#### TASK GOAL:
The expected response is the complete listing below, restated exactly, with its pictures omitted.
--- ENTRIES PROVIDED ---
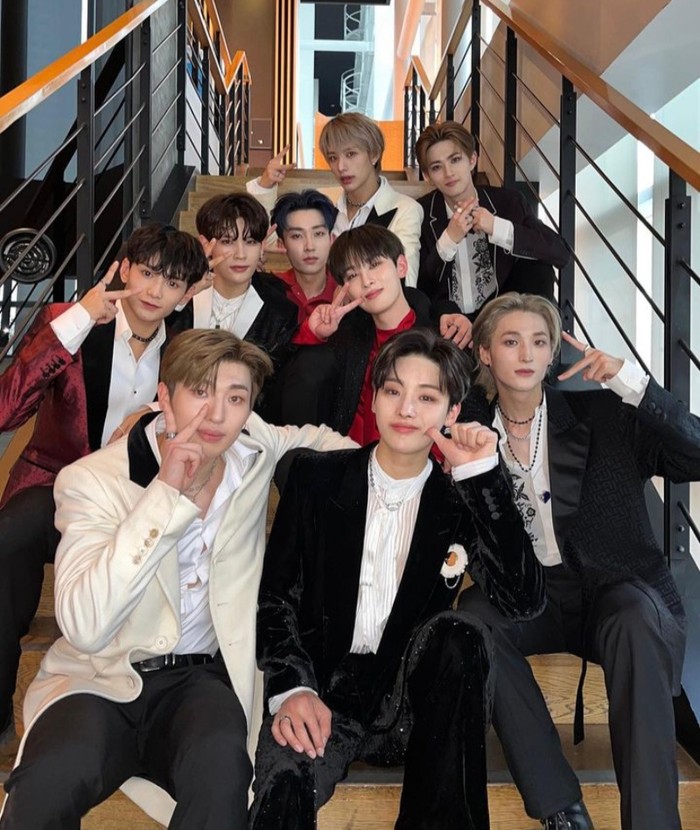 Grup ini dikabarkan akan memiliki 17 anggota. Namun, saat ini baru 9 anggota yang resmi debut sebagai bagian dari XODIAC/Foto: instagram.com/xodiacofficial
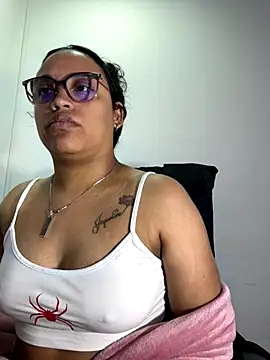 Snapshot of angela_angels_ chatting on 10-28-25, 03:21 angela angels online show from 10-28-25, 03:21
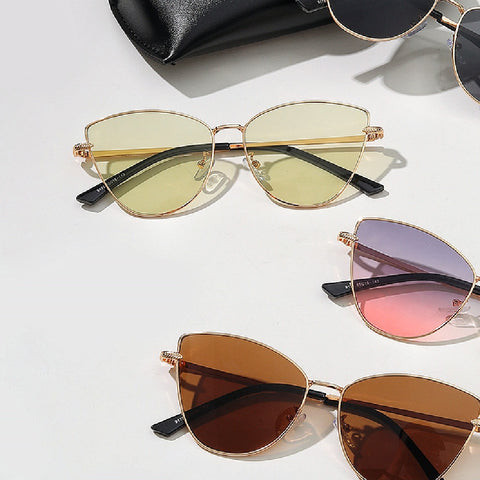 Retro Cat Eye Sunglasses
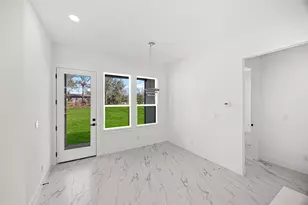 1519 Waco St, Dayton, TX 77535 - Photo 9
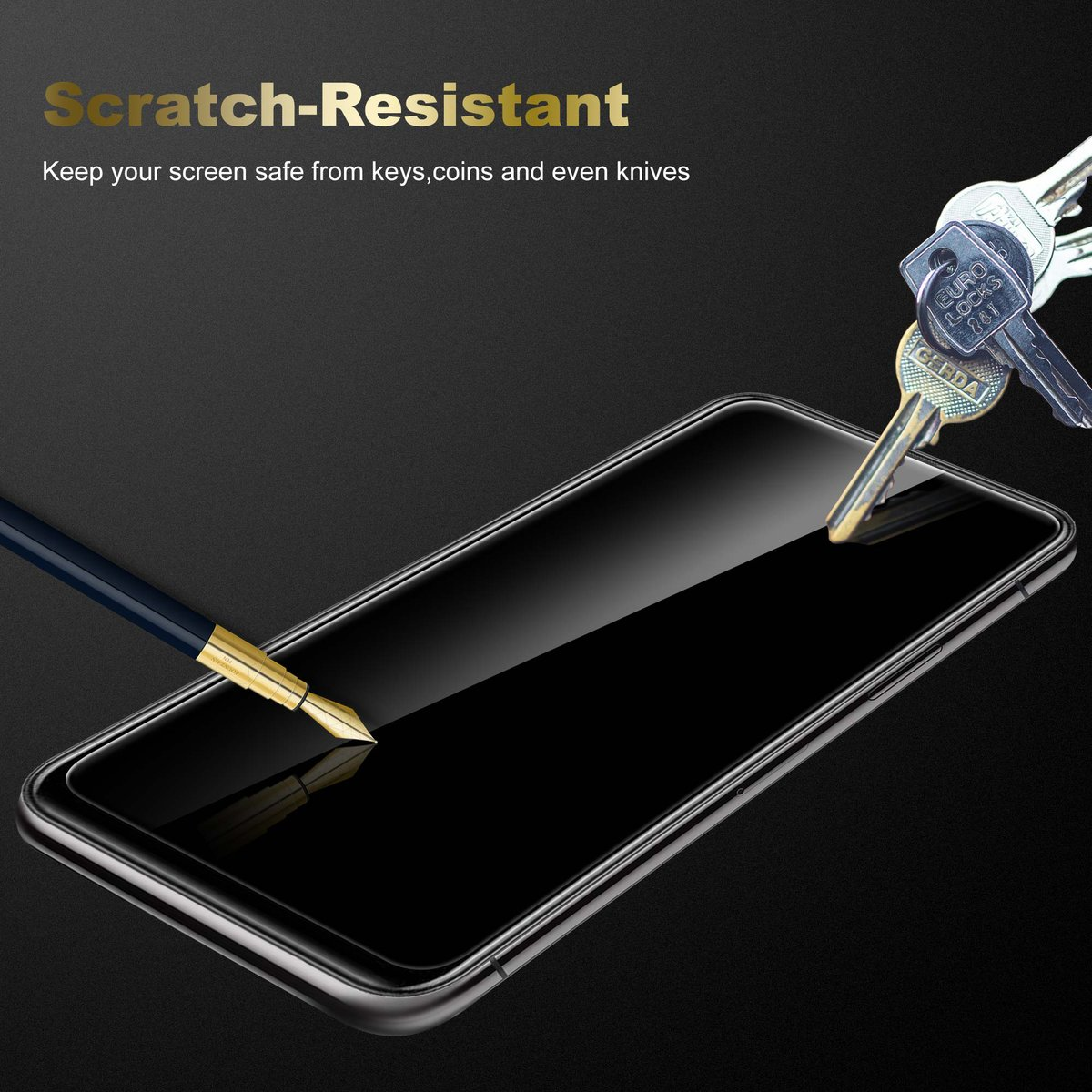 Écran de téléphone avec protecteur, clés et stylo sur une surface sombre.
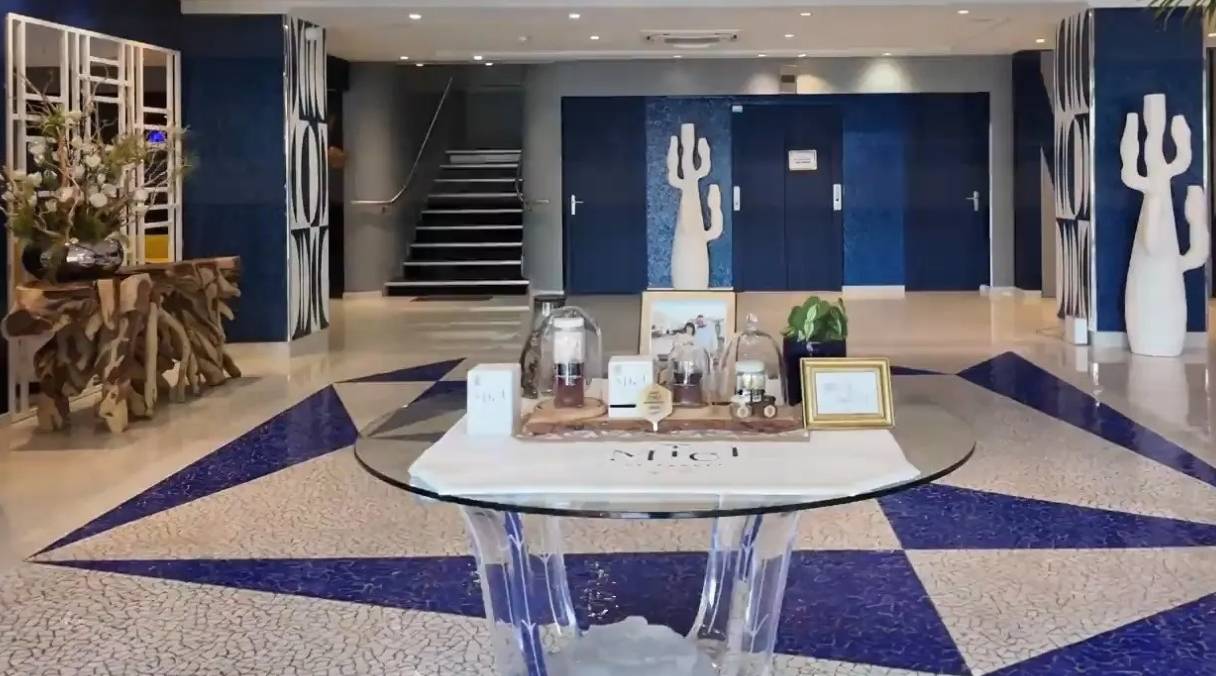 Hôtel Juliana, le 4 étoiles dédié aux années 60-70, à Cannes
---
#### ANSWER TO THIS PROBLEM:
 Grup ini dikabarkan akan memiliki 17 anggota. Namun, saat ini baru 9 anggota yang resmi debut sebagai bagian dari XODIAC/Foto: instagram.com/xodiacofficial
 Snapshot of angela_angels_ chatting on 10-28-25, 03:21 angela angels online show from 10-28-25, 03:21
 Retro Cat Eye Sunglasses
 1519 Waco St, Dayton, TX 77535 - Photo 9
 Écran de téléphone avec protecteur, clés et stylo sur une surface sombre.
 Hôtel Juliana, le 4 étoiles dédié aux années 60-70, à Cannes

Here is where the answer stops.